Work item: Quote the records that follow in full, leaving the pictures out.

++++ Records to use

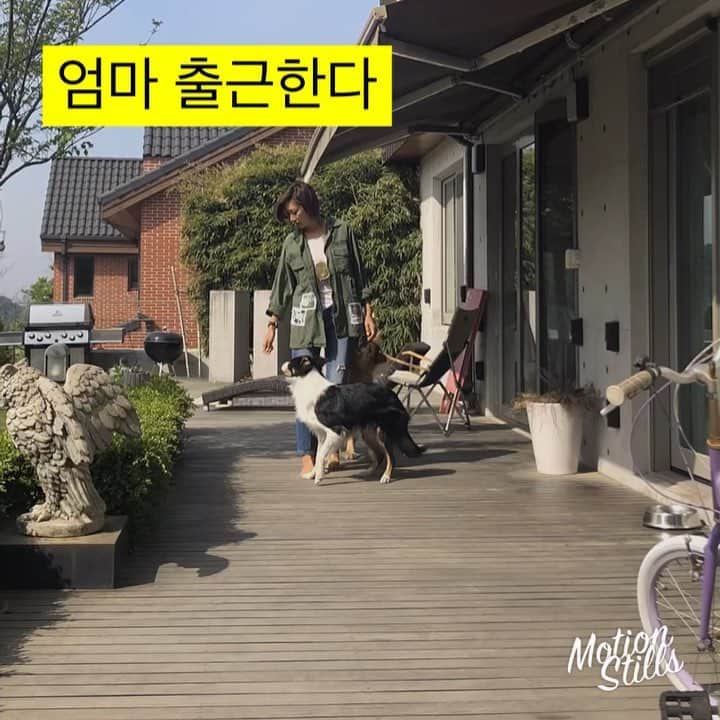 ピョン･ジョンスのインスタグラム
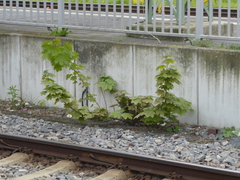Acer pseudoplatanus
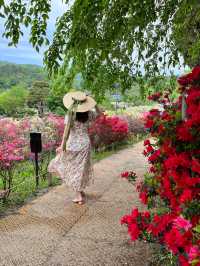 【あしかがフラワーパーク】藤の花の香りに包まれる栃木花巡りはいかが！？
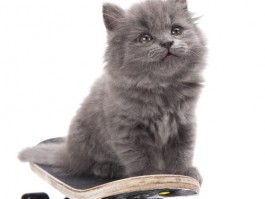 猫咪身上有虫子：如何识别与处理常见寄生虫问题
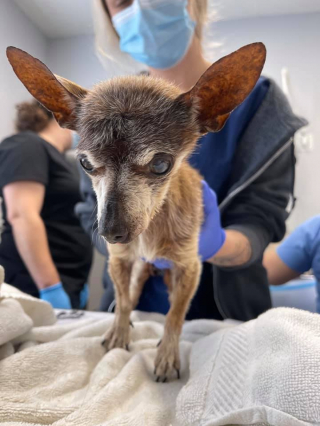 Illustration de l'article : Ce chien a été abandonné au moment où il avait le plus besoin de sa famille à ses côtés 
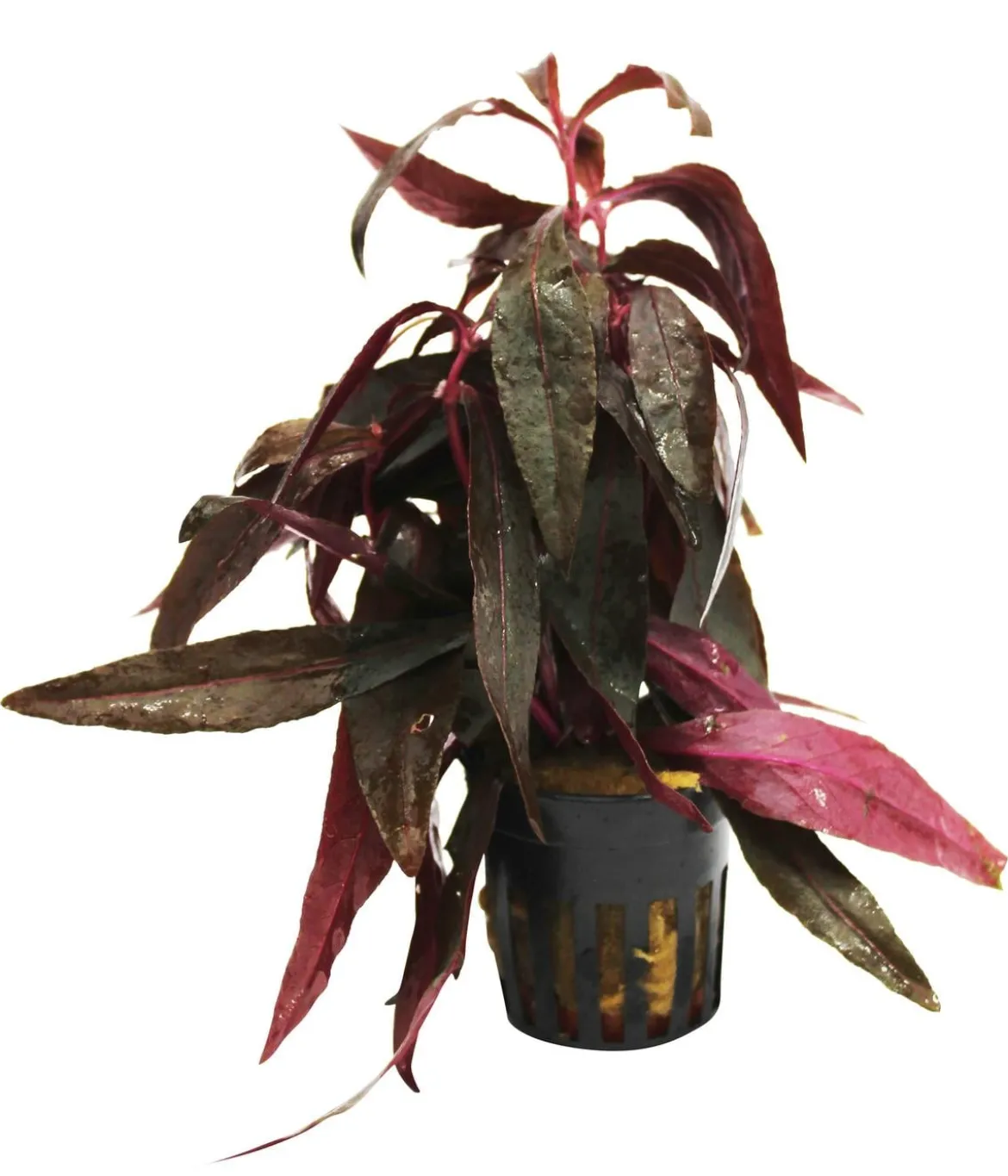 Dehner Aqua Sitzendes Papageienblatt - Alternanthera sessilis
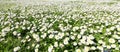 endless of white little daisies blooming on the green meadow in spring Royalty Free Stock Photo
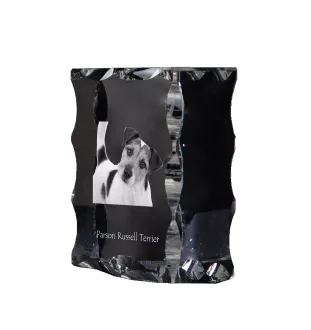 Parson Russell Terrier - crystal with a picture of a dog, glass statuette with a picture, unique frame with a picture from Art-Dog brand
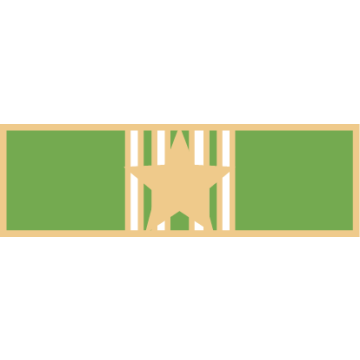 Smith & Warren SAB3_2 Nine Section Service Award Bar with Star (1-3/8" x 3/8")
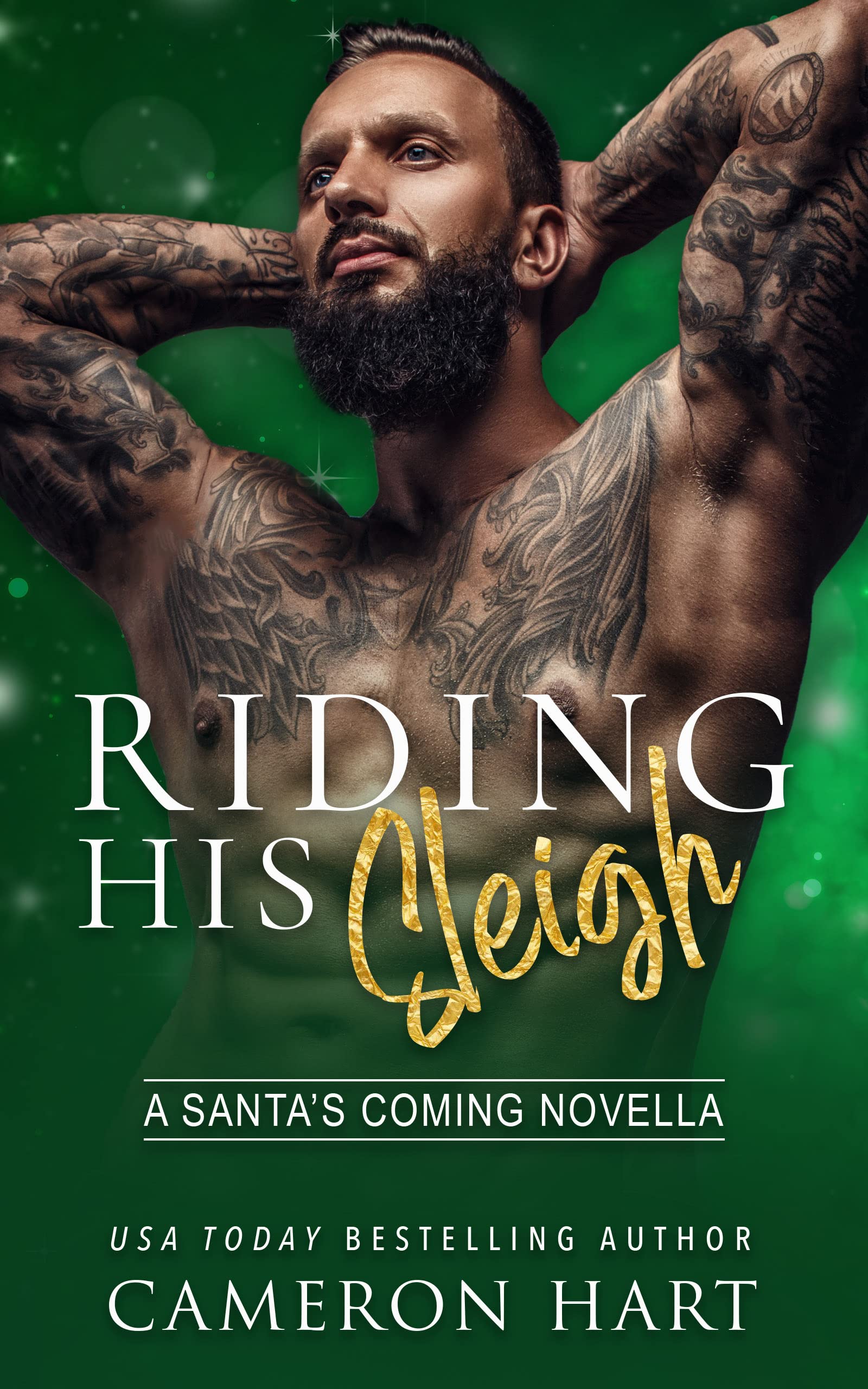 Riding His Sleigh (Kindle Edition)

++++++++

The answer:
 ピョン･ジョンスのインスタグラム
Acer pseudoplatanus
 【あしかがフラワーパーク】藤の花の香りに包まれる栃木花巡りはいかが！？
 猫咪身上有虫子：如何识别与处理常见寄生虫问题
 Illustration de l'article : Ce chien a été abandonné au moment où il avait le plus besoin de sa famille à ses côtés 
 Dehner Aqua Sitzendes Papageienblatt - Alternanthera sessilis
 endless of white little daisies blooming on the green meadow in spring Royalty Free Stock Photo
 Parson Russell Terrier - crystal with a picture of a dog, glass statuette with a picture, unique frame with a picture from Art-Dog brand
 Smith & Warren SAB3_2 Nine Section Service Award Bar with Star (1-3/8" x 3/8")
 Riding His Sleigh (Kindle Edition)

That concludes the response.